Your First Pipeline
In this tutorial, you will create a data pipeline from scratch, run it, and query the results. By the end, you will understand the basic RAT workflow: write SQL, run, query.
Time required: ~10 minutes
Prerequisites: RAT is running (Installation)
What You Will Build
A simple Bronze pipeline called raw_orders that generates sample order data. This is
the most basic pipeline type — a SQL query that produces rows. RAT will execute it,
write the results as an Apache Iceberg table, and make it queryable.
Step by Step
Open the Portal
Navigate to http://localhost:3000 in your browser. You should see the RAT dashboard.
Go to the Pipelines page
Click Pipelines in the left sidebar. This page lists all pipelines in your platform. Right now, it should be empty.
Create a new pipeline
Click the + New Pipeline button in the top-right corner. A dialog will appear asking for the pipeline details:
| Field | Value | Description |
|---|---|---|
| Namespace | default | Logical grouping for your pipelines |
| Layer | bronze | The medallion layer (bronze = raw data) |
| Name | raw_orders | A descriptive name for the pipeline |
| Type | sql | The pipeline language (SQL or Python) |
Click Create to confirm.
The full address of your pipeline is default.bronze.raw_orders. Every pipeline in RAT
is uniquely identified by its namespace.layer.name triple.
Write the pipeline SQL
After creation, you are taken to the pipeline detail page with the Code tab open. You will see a CodeMirror SQL editor. Replace any placeholder content with the following:
SELECT
1 AS order_id,
'Alice' AS customer,
99.99 AS amount,
current_timestamp AS created_at
UNION ALL
SELECT
2 AS order_id,
'Bob' AS customer,
149.50 AS amount,
current_timestamp AS created_at
UNION ALL
SELECT
3 AS order_id,
'Charlie' AS customer,
75.00 AS amount,
current_timestamp AS created_atThis SQL generates three sample order rows. In a real pipeline, you would typically
read from a Bronze table (using ref()) or ingest files from a landing zone (using
landing_zone()), but static data works perfectly for learning the basics.
Save the pipeline
Press Ctrl+S (or Cmd+S on macOS) to save. You should see a brief confirmation toast in the bottom-right corner.
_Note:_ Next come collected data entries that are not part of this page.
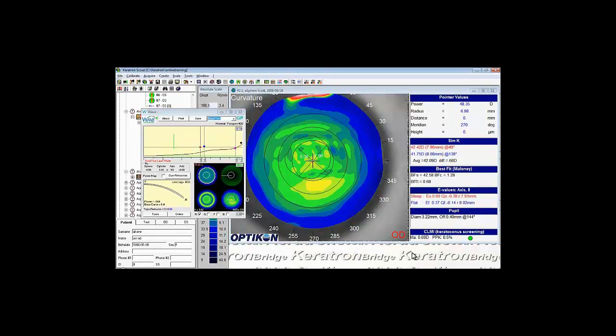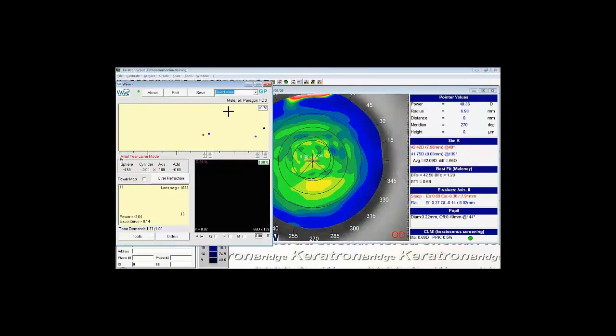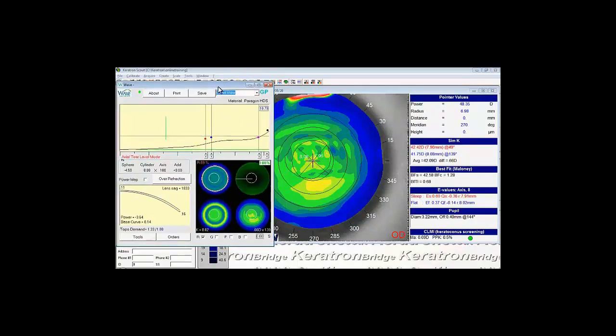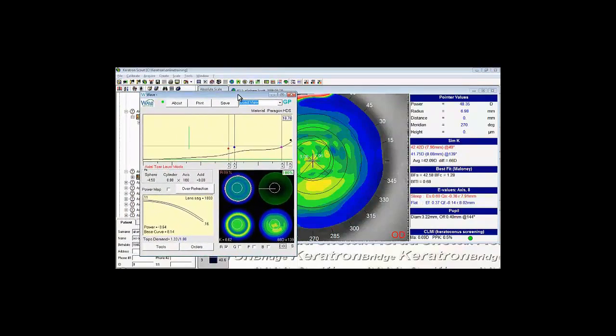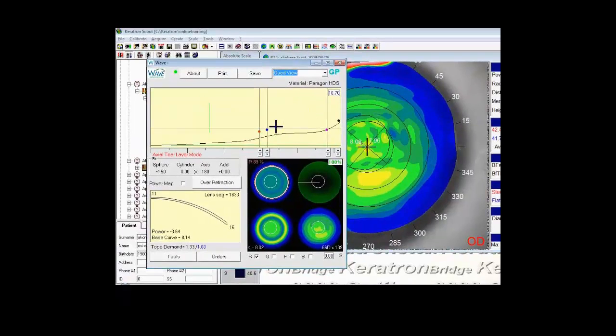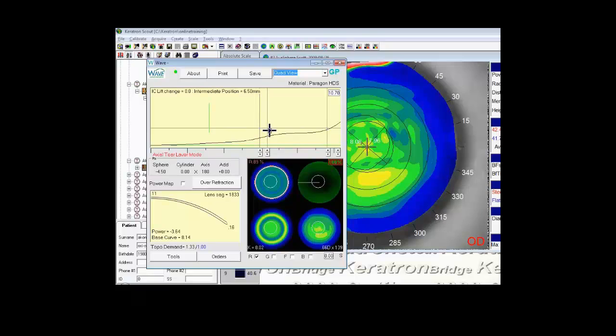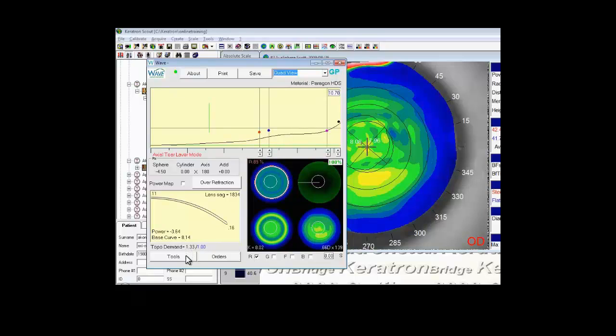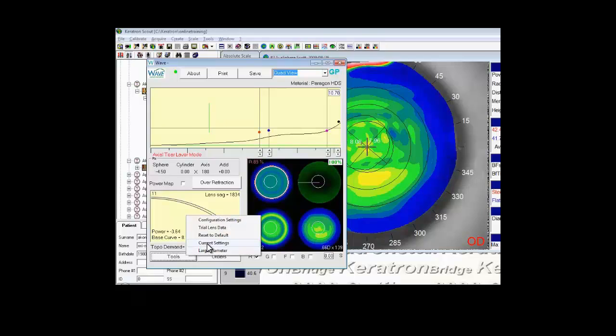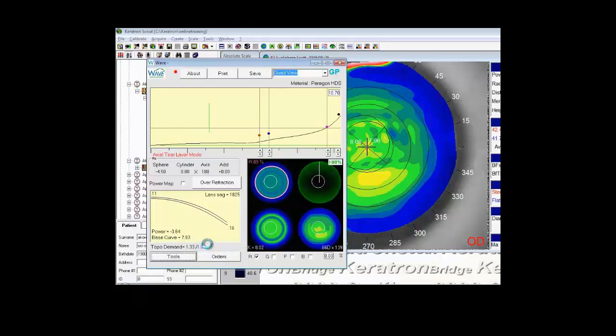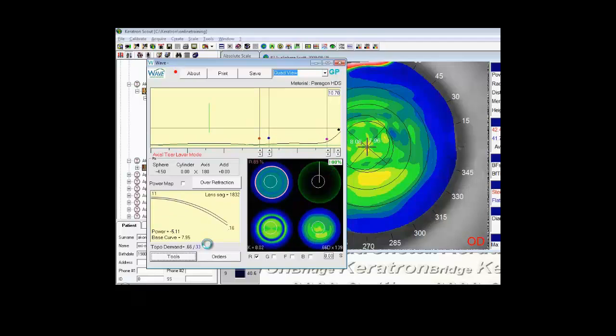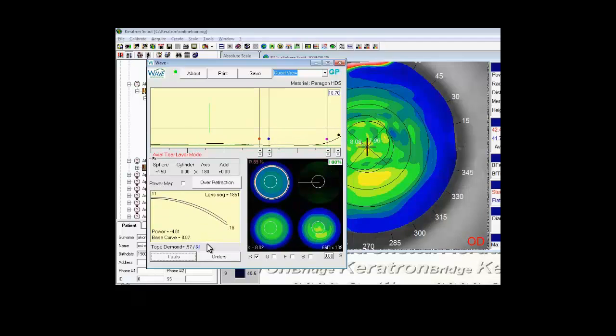Now we'll put all of our core decisions together into this lens and see how simple it is to design the lens. We'll keep the diameter at 10-7. We'll switch to axial tier layer mode. We'll place the optic zone at a 6-0, and I'll place the IC at a 6-5. Selected RSIM. Now I'm simply going to run Tools and Current Settings. Tools Current Settings essentially asks the software to align the contact lens to the cornea with the settings we've just implemented.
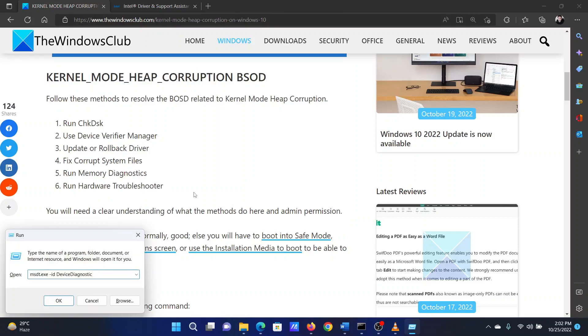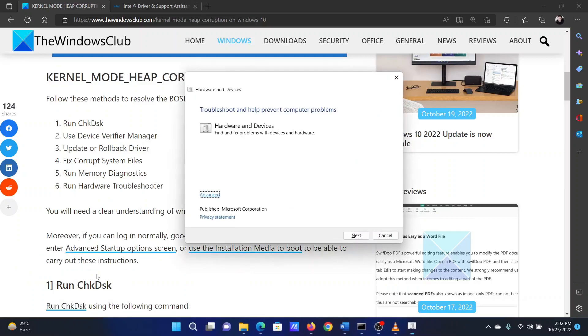Now in the Run window, type the command: msdt.exe space -id space DeviceDiagnostic. Alternatively, you could copy this from the article itself and just paste that into the Run field. Hit Enter to open the Hardware and Devices troubleshooter and click on Next to run it.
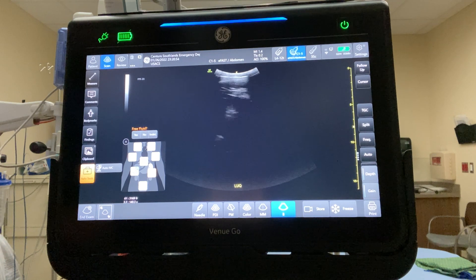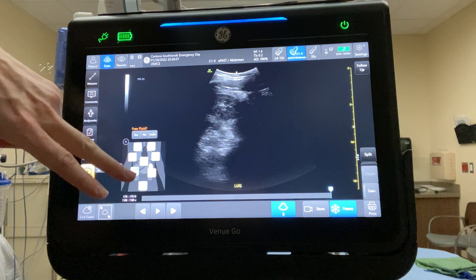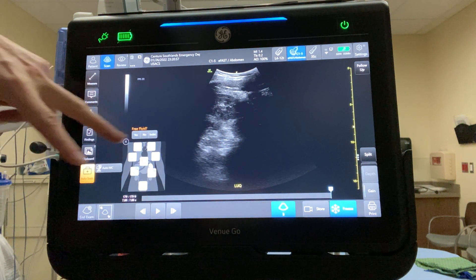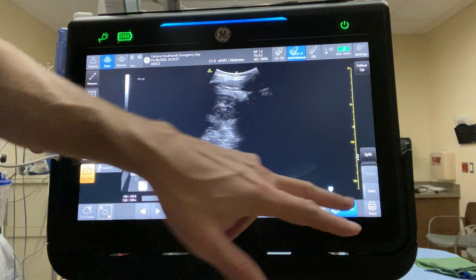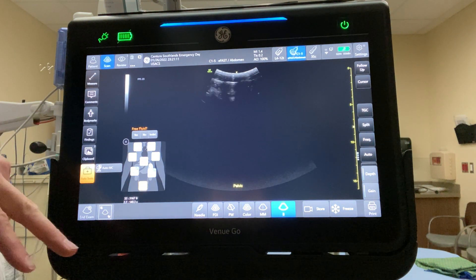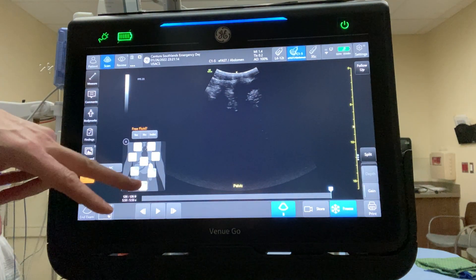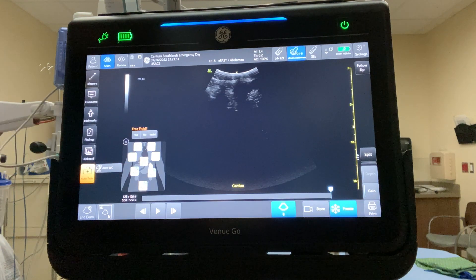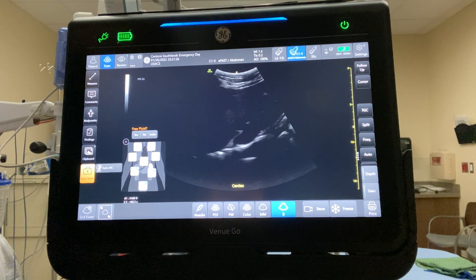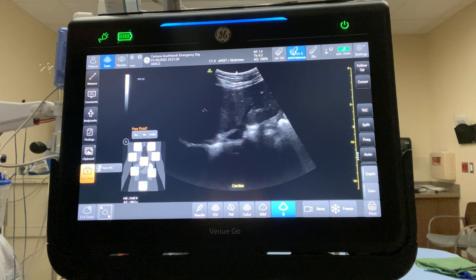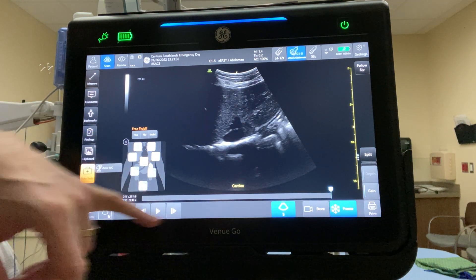Unfreeze and go through the FAST protocol like you normally would. Freeze and store — it automatically stores when you save. No free fluid. Move over the bladder, do the next scan, and store. No free fluid. Then come up and go around the heart. Get your sub-xiphoid view and it's automatically labeling it each time, then store.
RAT autosaves drafts, but you should always explicitly save before running. Unsaved changes are not picked up by the pipeline executor.
Preview the output
Before running the pipeline for real, you can preview what it will produce. Press Ctrl+Shift+Enter (or Cmd+Shift+Enter on macOS).
The preview panel will open below the editor, showing a table with your three rows:
| order_id | customer | amount | created_at |
|---|---|---|---|
| 1 | Alice | 99.99 | 2026-02-16 12:00:00 |
| 2 | Bob | 149.50 | 2026-02-16 12:00:00 |
| 3 | Charlie | 75.00 | 2026-02-16 12:00:00 |
Preview executes the SQL in a read-only DuckDB session (via ratq). It shows you the output shape and data without actually writing anything to the Iceberg catalog. Use it to iterate quickly on your SQL.
Publish the pipeline
Click the Publish button in the toolbar above the editor. Publishing creates a versioned snapshot of your pipeline code. This is the version that will execute when you trigger a run.
You can always roll back to a previous published version from the Overview tab. Publishing is like committing — it captures a point-in-time snapshot of your pipeline.
Run the pipeline
Click the Run button (the play icon) in the toolbar. A confirmation dialog may appear asking you to confirm a manual trigger. Click Confirm.
RAT will:
- Create a new run with status pending
- Send the pipeline to the runner service for execution
- The runner creates an isolated Nessie branch
- Execute your SQL via DuckDB
- Write the results as an Iceberg table in MinIO
- Run any quality tests (none yet for this pipeline)
- Merge the branch into the main catalog
- Mark the run as success
Watch the run
You will be automatically taken to the Run Detail page (or navigate there via Runs in the sidebar). Here you can see:
- Status badge — transitions from
pendingtorunningtosuccess - Live logs — streamed in real-time via SSE (Server-Sent Events)
- Duration — how long the run took
- Trigger — shows
manualsince you clicked Run
The logs will look something like:
[INFO] Starting pipeline: default.bronze.raw_orders
[INFO] Creating branch: run-abc123
[INFO] Executing SQL pipeline...
[INFO] Query produced 3 rows
[INFO] Writing to Iceberg table: default.bronze.raw_orders
[INFO] No quality tests configured — skipping
[INFO] Merging branch: run-abc123 → main
[INFO] Pipeline completed successfully in 2.3sIf the run shows failed status, check the logs for error details. Common issues include syntax errors in the SQL or services still initializing. You can re-run the pipeline after fixing any issues.
Query the results
Navigate to Query Console in the left sidebar. This opens the interactive SQL editor powered by DuckDB (via the ratq service).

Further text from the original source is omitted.